The grey text is Tara’s and I’m purple, so without further ado, this is My Immortal: Retribution.
AN: Special fangz (get it, coz Im goffik) 2 my gf (ew not in that way) raven, bloodytearz666 4 helpin me wif da story and spelling. U rok! Justin ur da luv of my deprzzing life u rok 2! MCR ROX!
Had enough yet? I know I have.
Hi my name is Ebony Dark’ness Dementia Raven Way
But most people just call me Mary Sue.
and I have long ebony black hair (that’s how I got my name)
She was named after her hair. That she was evidently born with enough of to make it worthy of her identity. Go on.
with purple streaks and red tips that reaches my mid-back and icy blue eyes like limpid tears and a lot of people tell me I look like Amy Lee (AN: if u don’t know who she is get da hell out of here!).
I wish, but unfortunately I do know of her, so it looks like I’m trapped for the moment.
I’m not related to Gerard Way but I wish I was because he’s a major fucking hottie.
I’m a vampire but my teeth are straight and white.
Say what you want, but so far her dental hygiene is her best quality.
I have pale white skin. I’m also a witch, and I go to a magic school called Hogwarts in England where I’m in the seventh year (I’m seventeen).
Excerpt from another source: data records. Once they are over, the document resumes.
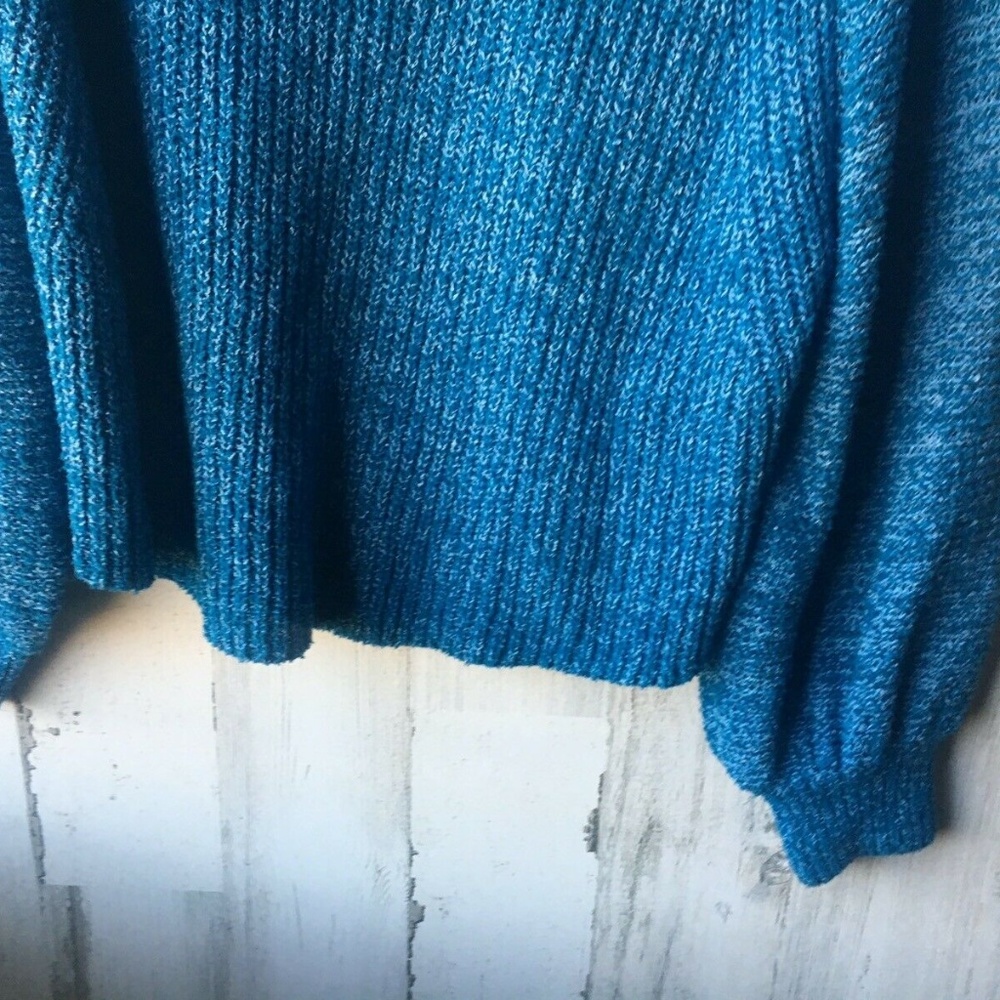 Free People Edessa Off-Shoulder Chunky Sweater - Picture 3 of 8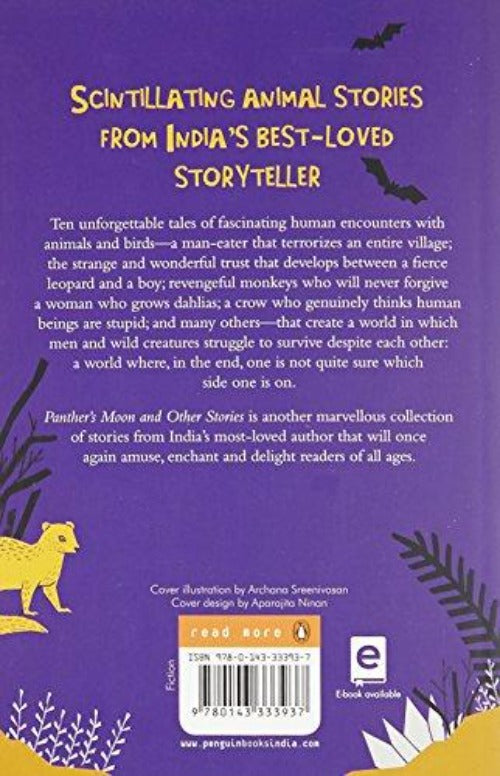 Ruskin Bond Panther's Moon and Other Stories Online
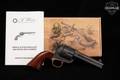 A. Uberti Model 1873 Cattleman .45 Colt Parkerized in Very Good Condition Image 2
I’m a goth (in case you couldn’t tell)
and I wear mostly black.
But where do you buy the black clothes?
I love Hot Topic and I buy all my clothes from there.
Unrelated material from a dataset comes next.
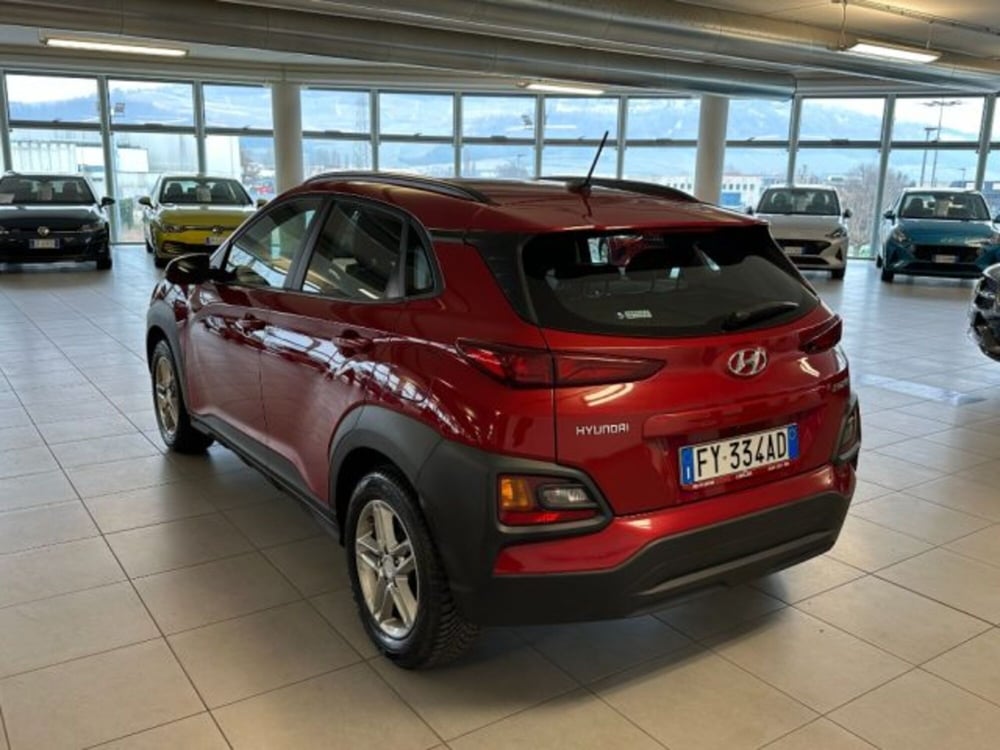 Hyundai Kona usata a Cuneo (5)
Okay, but what are you wearing today?
For example today I was wearing a black corset with matching lace around it and a black leather miniskirt, pink fishnets and black combat boots.
Sure, but do you have any makeup on?
I was wearing black lipstick, white foundation, black eyeliner and red eye shadow.
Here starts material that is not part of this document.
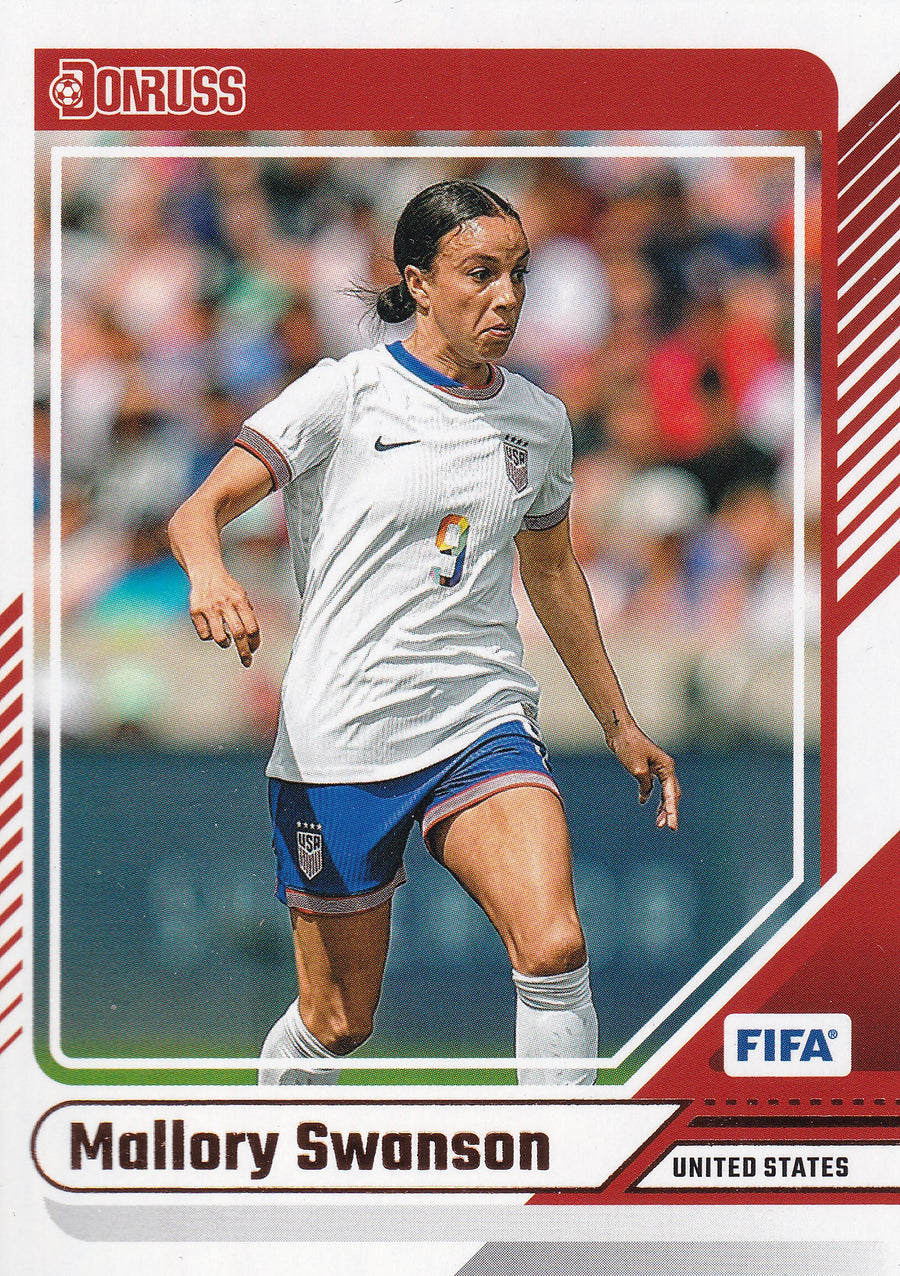 171. MALLORY SWANSON - USA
I was walking outside Hogwarts. It was snowing and raining so there was no sun,
which I was very happy about. A lot of preps stared at me.
Sue sign number one was the overly exotic name. Sue sign number two; despite the atmospheric phenomenon taking place, people are much more focused on her.
I put up my middle finger at them.
And I bite my thumb at you.
“Hey Ebony!” shouted a voice. I looked up. It was…. Draco Malfoy!
“What’s up Draco?” I asked.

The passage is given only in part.